Mozilla appears to have gotten the wrecking ball rolling in 2011 when it removed the RSS button from Firefox. The explanation then was the same as it is now: It's just not very popular.
Among RSS/Atom fans, there's a more sinister explanation: feeds don't mesh well with the internet's data gathering industry because they allow users to consume web content (though usually not the full text of a site's articles) without triggering the dozens or even hundreds of analytics scripts lurking on web pages.

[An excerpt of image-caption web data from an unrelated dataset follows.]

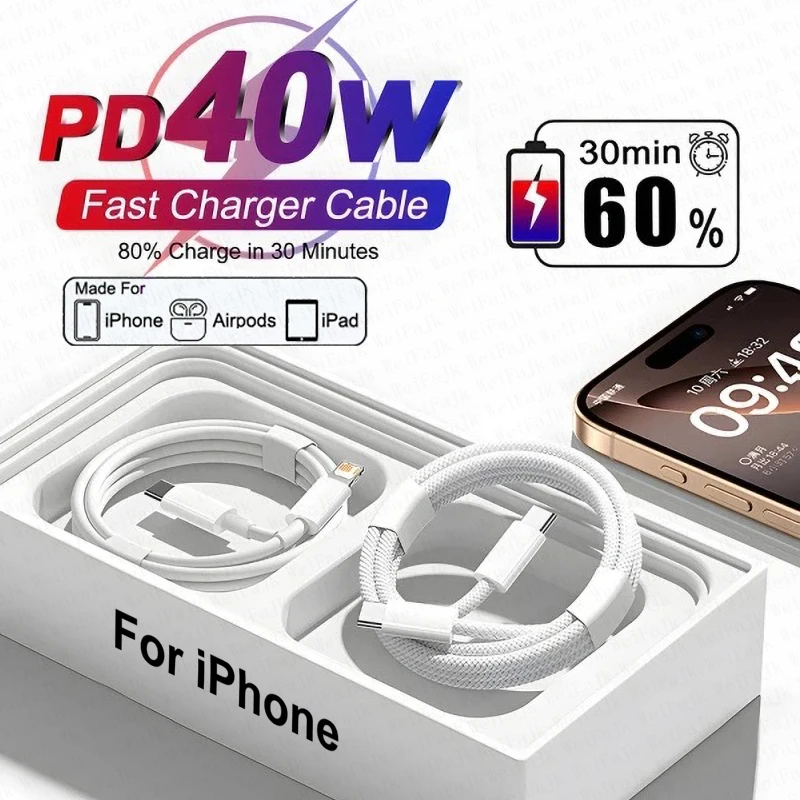 Фото Apple Оригинальный кабель для быстрой зарядки PD 40 Вт для iPhone 11 12 13 14 Pro Max X XS XR 8 Plus USB-кабель для зарядки молнии типа C №1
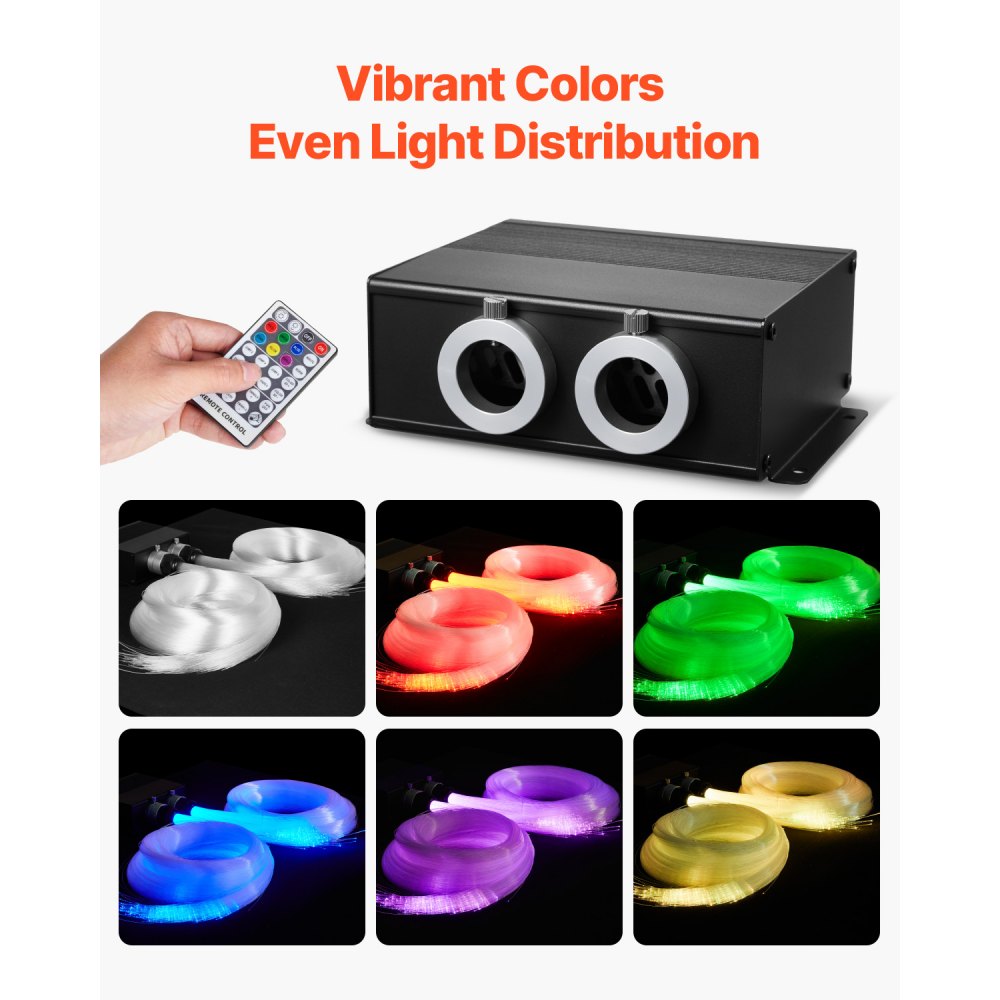 VEVOR Starlight Headliner Kit, 900 pcs 0.03 in 9.8 ft, 20W Twinkle Fiber Optic Star Ceiling Lights for Car, Bluetooth APP, Remote Control, Sound Activated, RGBW Light Engine, for Home Bed Room Decor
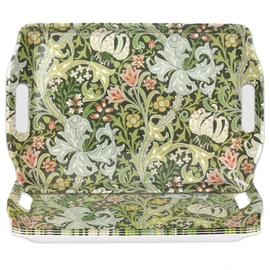 FYSUIMU 3 Pcs William Morris Floral Serving Tray Vintage Greenery Flower Handled Melamine Board Retro Botanical Serving Platter for Spring Home Party Food Supplies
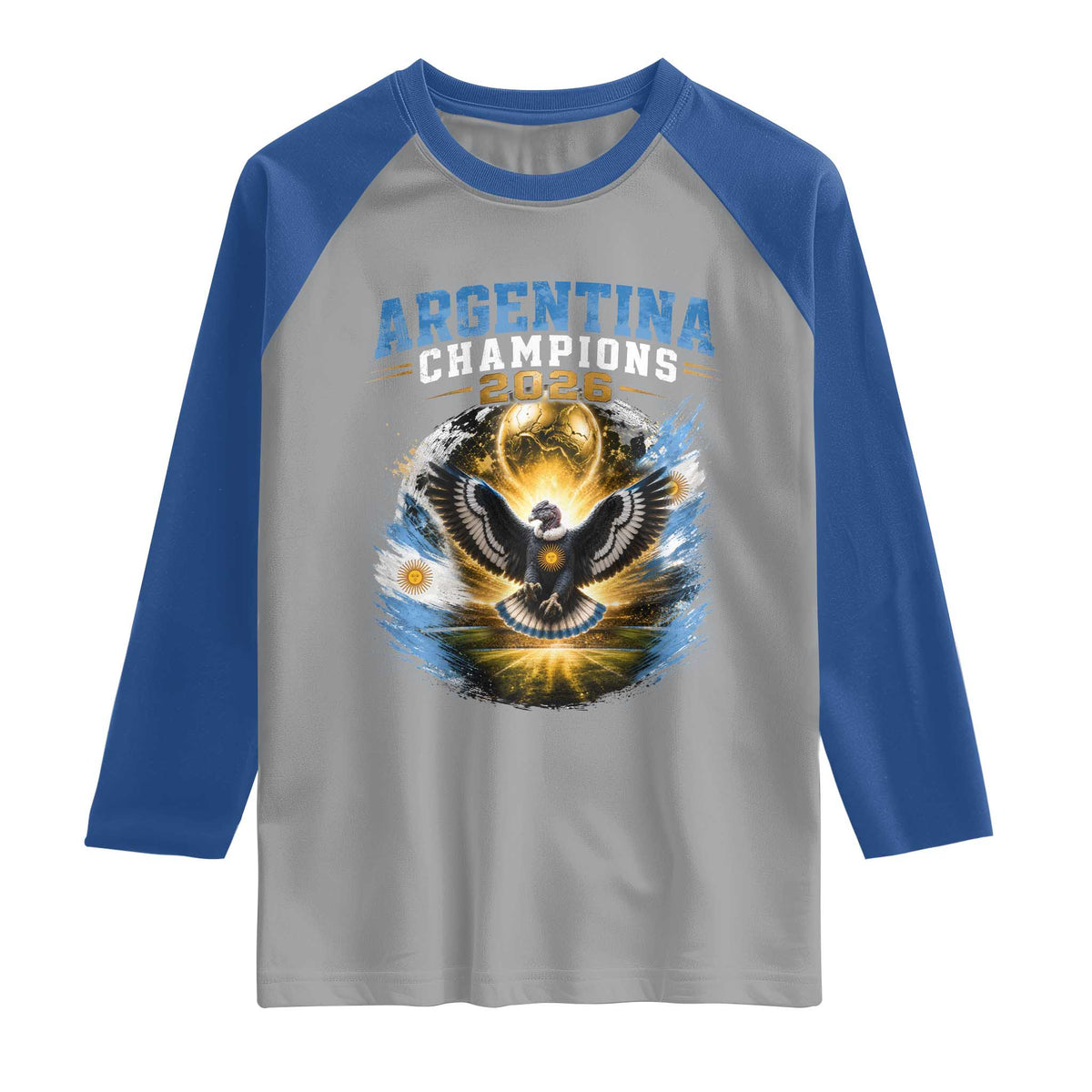 Argentina Champions 2026 Raglan Shirt Proud Argentinian Football Fan
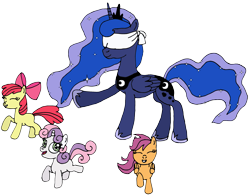 Size: 2611x2047 | Tagged: safe, artist:sparklesk, apple bloom, princess luna, scootaloo, sweetie belle, alicorn, pony, cutie mark crusaders, simple background, transparent background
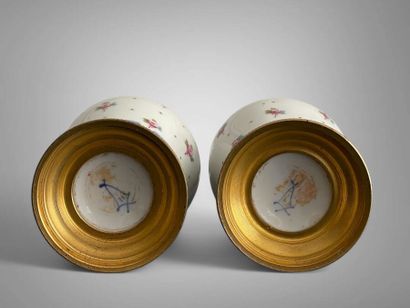 Dans le goût de Sèvres.
Paire de petits vases...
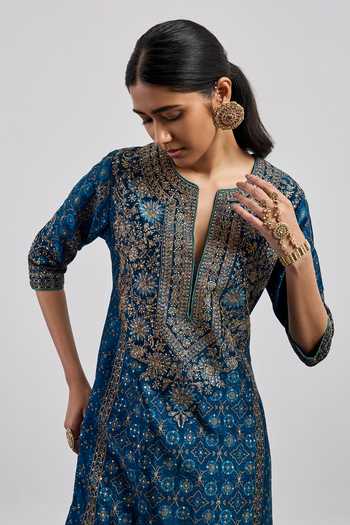 RI.Ritu Kumar_Blue Silk, Chanderi, Cotton, Crepe, Viscose, Rayon, Bagh Print Kurta Pant Set _at_Aza_Fashions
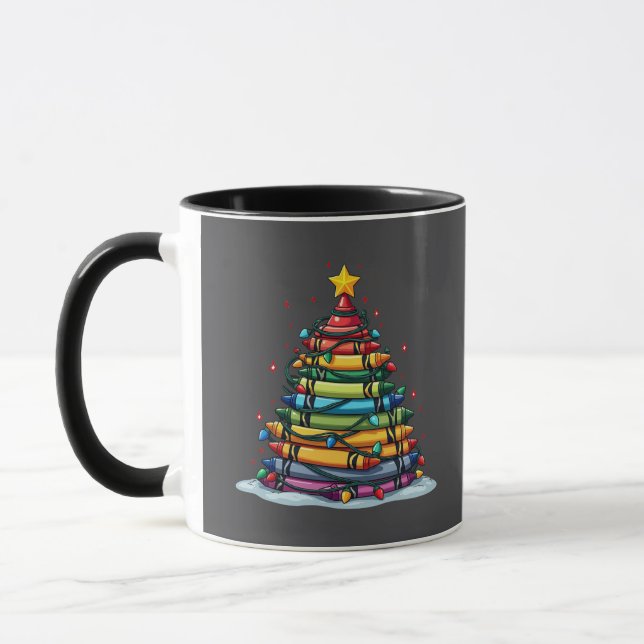 Taza Crayon Christmas Tree Teacher Student Xmas (Izquierda)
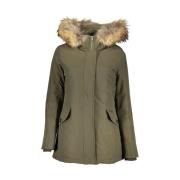 Woolrich Grön Huva Jacka med Avtagbar Päls Green, Dam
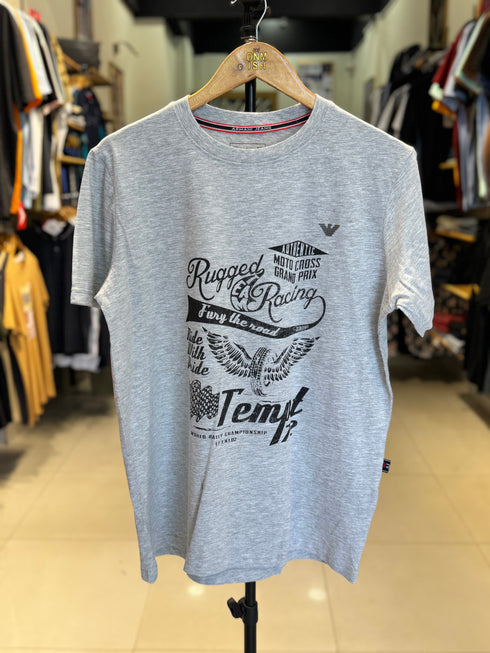 ARMANI JEANS SIGNATURE CHEST LOGO PRINT T-SHIRT | GREY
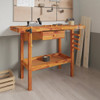 Radni stol s ladicom i škripcima 124x52x83 cm od drva bagrema 153320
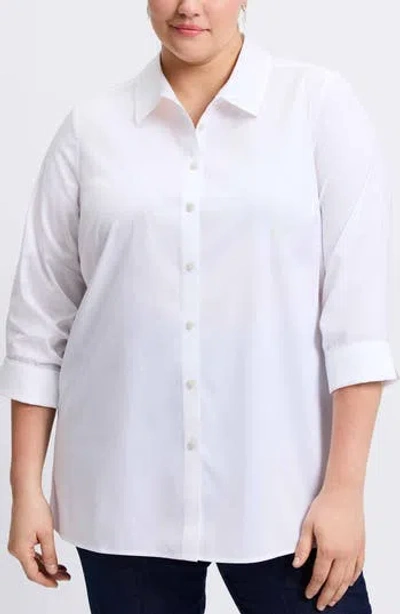 Foxcroft Evelyn Non-iron Three-quarter Sleeve Button-up Shirt In White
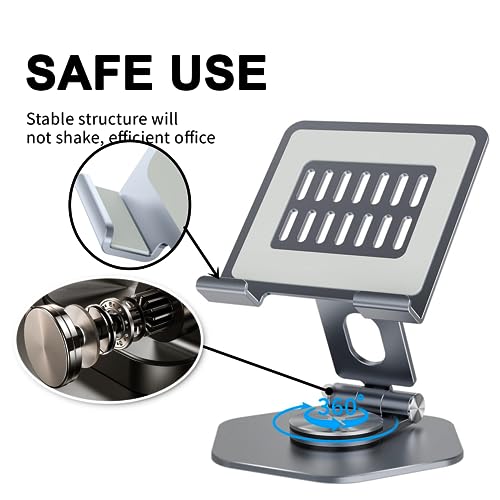 PHEVOS Foldable Desk Stand for Phone & Tablet, 360° Rotation Adjustable Portable Aluminum Metal Phone Holder,Compatible with All Phone, Portable Monitor, Samsung,iPad Tablet(4-13 in Grey)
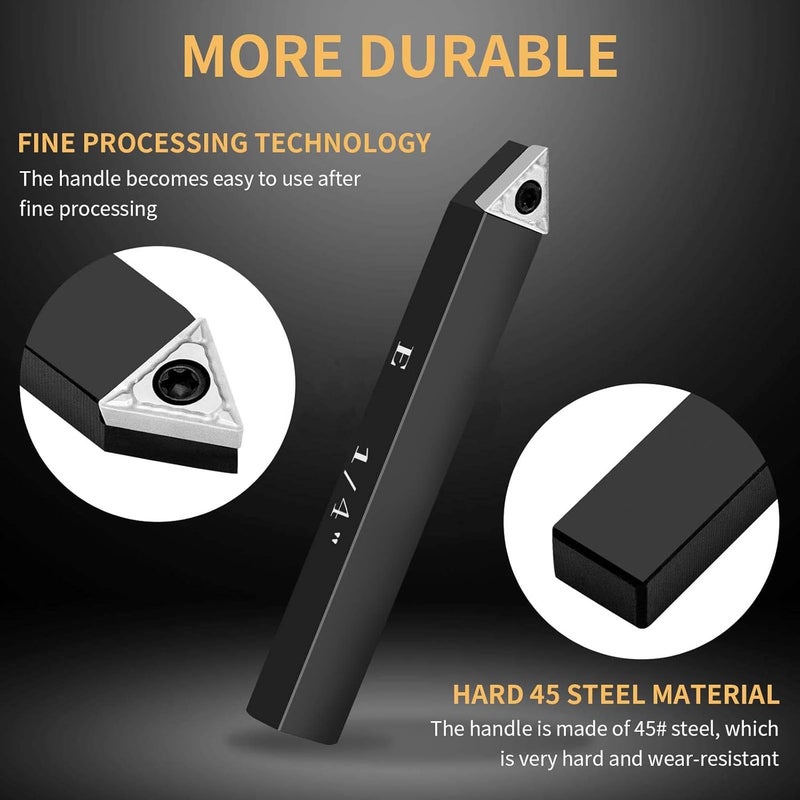 SENDUO Store 1/4" Indexable Carbide Turning Inserts Holder Set for Machining Lathes, 5 Pcs Set Metal Lathe Tools Inserts Bits with Carbide Inserts TCMT090204. - Image 5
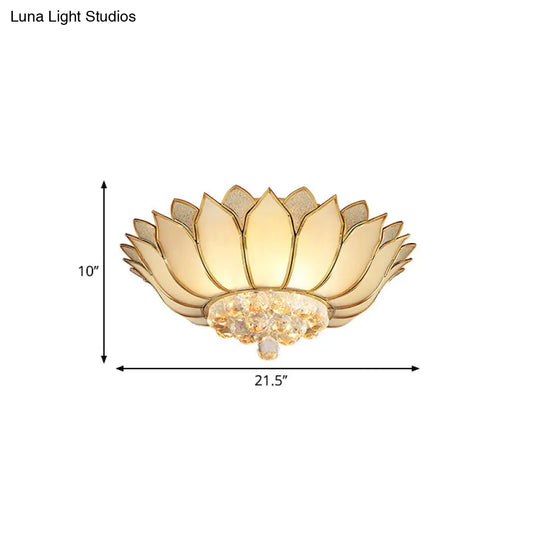 Traditional Gold Flush Mount Light With Scalloped Cream Glass Shades - 4/6 Lights 21.5’/23.5’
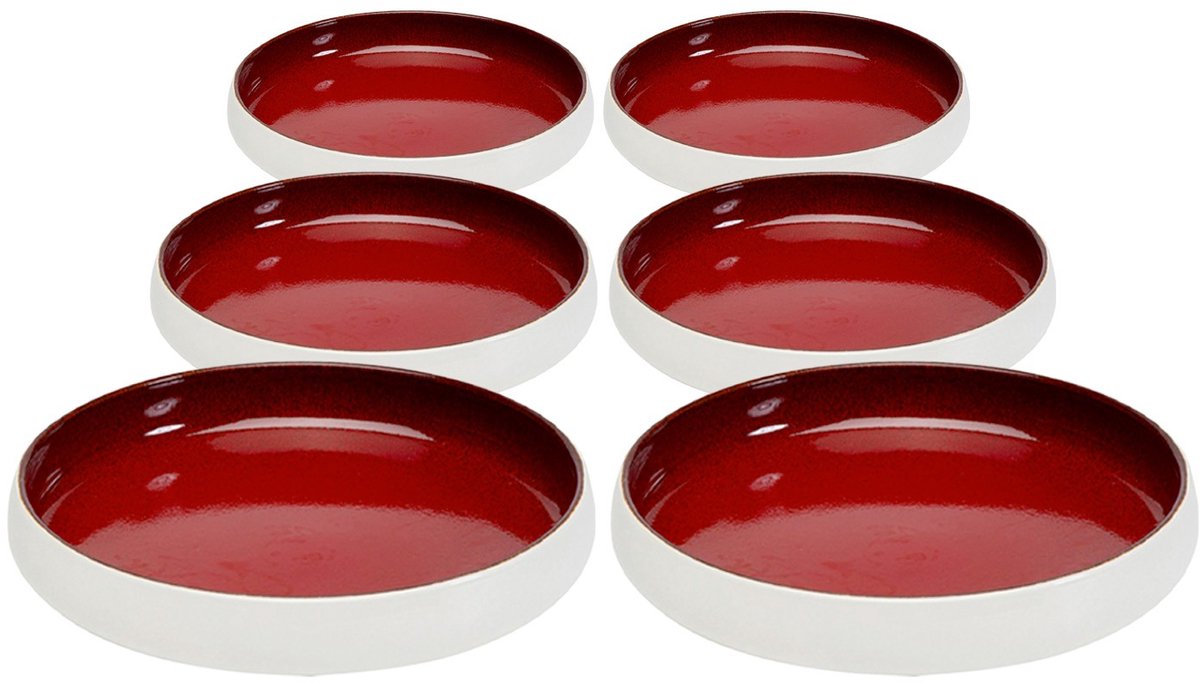 Soepborden Colorino rood Ø21cm (4/set) Kare Design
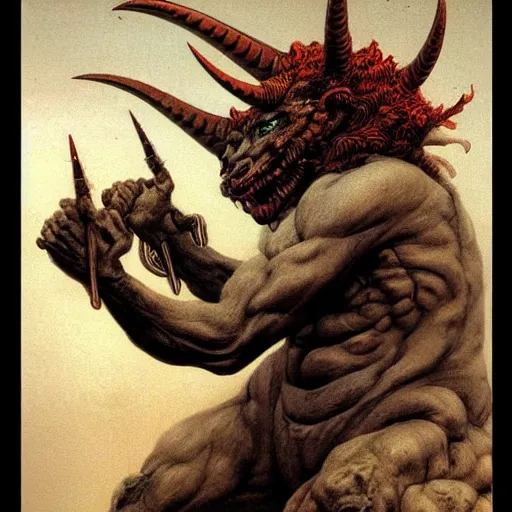 Image similar to raijin demon concept, horned, bulky body, beksinski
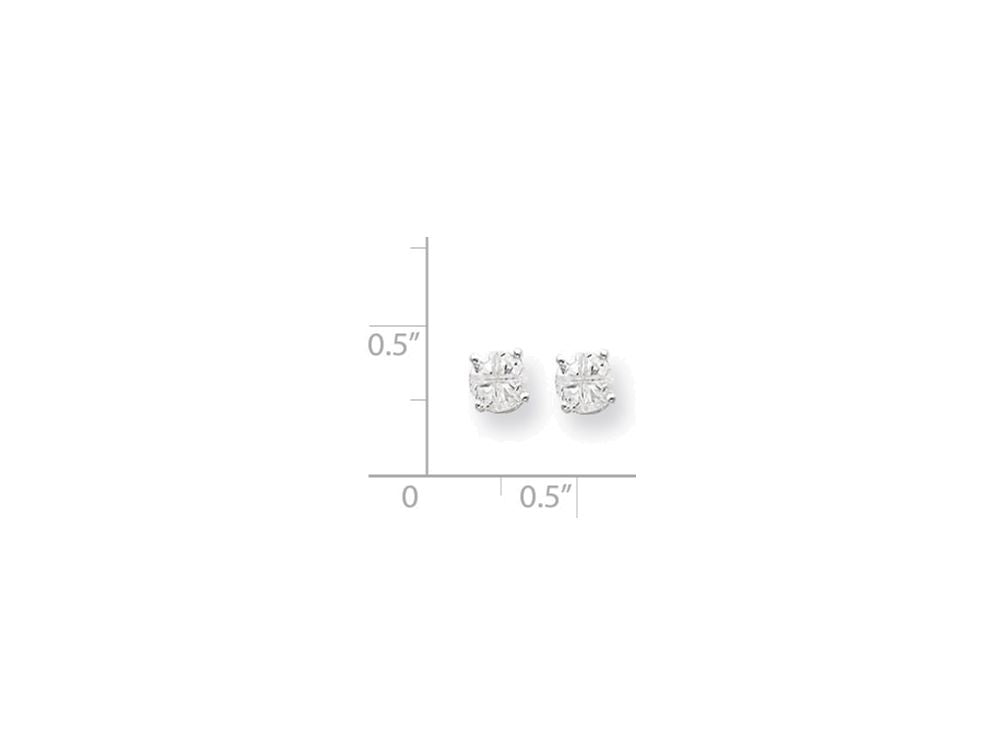 FJC Finejewelers Sterling Silver 4mm Round Basket Set Cubic Zirconia Stud Earrings
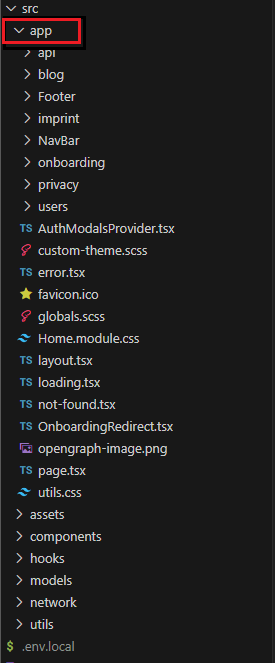 A Next.js project folder tree showing the app directory with many folders and files inside it, including a layout.tsx file.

Also, companies like Google and Facebook that have their own mechanisms for content aggregation have a disincentive to promote RSS/Atom apps as an alternative.
(Score: 4, Interesting) by VLM on Monday October 15 2018, @01:01PM (2 children)
There sure has been an intense push to sell "RSS is dead" but I've had roughly the same 100 to 200 feeds since before Google Reader, and now I use Newsblur (and pay the premium, because its a good project). The numbers aren't dropping.
Maybe its categorical and its dying in the My Little Pony subculture, but it seems Astrobites and West Hunter and Zerohedge and Google's android dev blog and Daily WTF and all that are doing Just Fine.
Probably part of a big centralization into increased censorship general drive. And the general decline of clickbait and so forth, the days are long over of "I'm gonna be a millionaire because I'm a professional blogger".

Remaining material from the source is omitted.